Chapter One: The Waking

He came back to himself the way someone surfaces from deep water — with a jagged gasp and the stupid, dizzy certainty that the air might crush him. Smoke clawed at his throat, powdery ash stung his eyes. For a long second he lay on his back and simply listened: rain like a fist on slate, a distant, hollow rumbling of lightning, and somewhere farther the uncanny hush that had swallowed other sounds whole.

When he forced his eyes open the sky was not sky anymore but a wound — a raw, bleeding dome of red that stretched from horizon to horizon. A white moon hung in the red like a tooth, too bright and too cold, throwing a pallid glare through the smoke. It made the rain look obscene, each drop a silver needle that should have doused what burned but did not. The flames around him moved like dancers caught in a dream, graceful and malignant; they licked at shutters and columns and then slid away as if water had never been meant to touch them.

He blinked, and for a few lung-burning seconds he had nothing to hold to. No name rose. No memory. It was as if someone had opened a closet, pulled out the parts that made him himself, and left him standing in the empty room. Panic came as a tight, sharp thing behind his ribs; then confusion softened it into a dull ache. He tried his tongue, his mind — searching for an anchor: a face, a place, a word. Nothing. He sat up and the city opened around him like a set of broken teeth.
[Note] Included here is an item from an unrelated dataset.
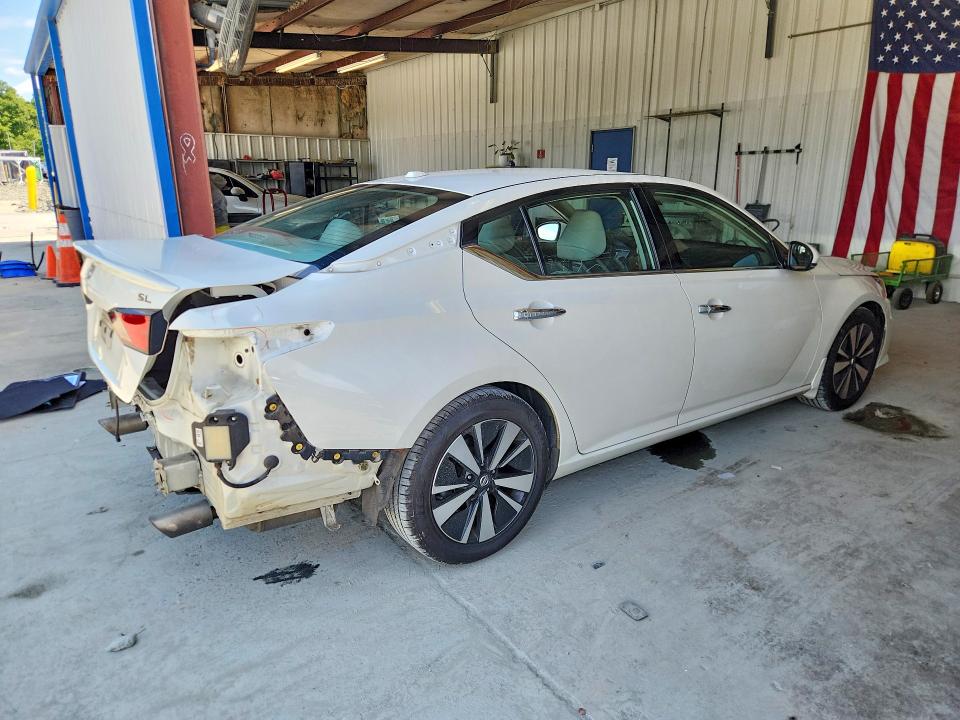 64284476 :رقم المزاد ، 1N4BL4EV5KC213058 vin ، 2019 Nissan Altima مزاد بيع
Street stones under his palms were cold despite the fires; coal dust ground into his skin. He pushed himself to his feet, nakedness of identity making him clumsy and raw. His hair — white as old salt — stuck to his forehead with rain. He looked for other bodies, for motion. The city offered only ruin and silence.

He moved, each step measured against a soundtrack that made no sense: thunder that rolled without threat, rain that should have smothered embers, and the wind that smelled of old smoke and rotted paper. The pavement was a litter of history — a fallen chariot half-buried in ash, its wheel sheared clean; a market stall collapsed like a cough, goods spilling into the gutter, jars of preserved fruit split and blackened; a cart with its horse still harnessed, ribs shadowed by scorch marks, the animal long gone. He knelt over a toy soldier fused to the cobbles, paint bubbled into an unreadable map, and for a moment a childish, meaningless grief hit him so sharply he was light-headed.

He called out then, not as an act of hope but because the lungs insisted on speech. "Hello." His voice sounded foreign to his own ears, rough as a stone dragged across glass. The buildings swallowed it. The only reply was the rain and that soundless fire.

The farther he walked the more the city revealed itself in fragments, like a person remembering by touch. An alley where the murals had been scorched into depressions, the figures' faces erased into smudges of trauma. A temple door that lay open, its threshold crazed with heat, and inside a sea of overturned benches — hymnals scattered and damp, their pages clinging to one another like the hands of the dead. He ran his hand over the cracked marble of a fountain; the water in it boiled without steam, bubbling black, refusing to pour, as if the city's blood had turned traitor.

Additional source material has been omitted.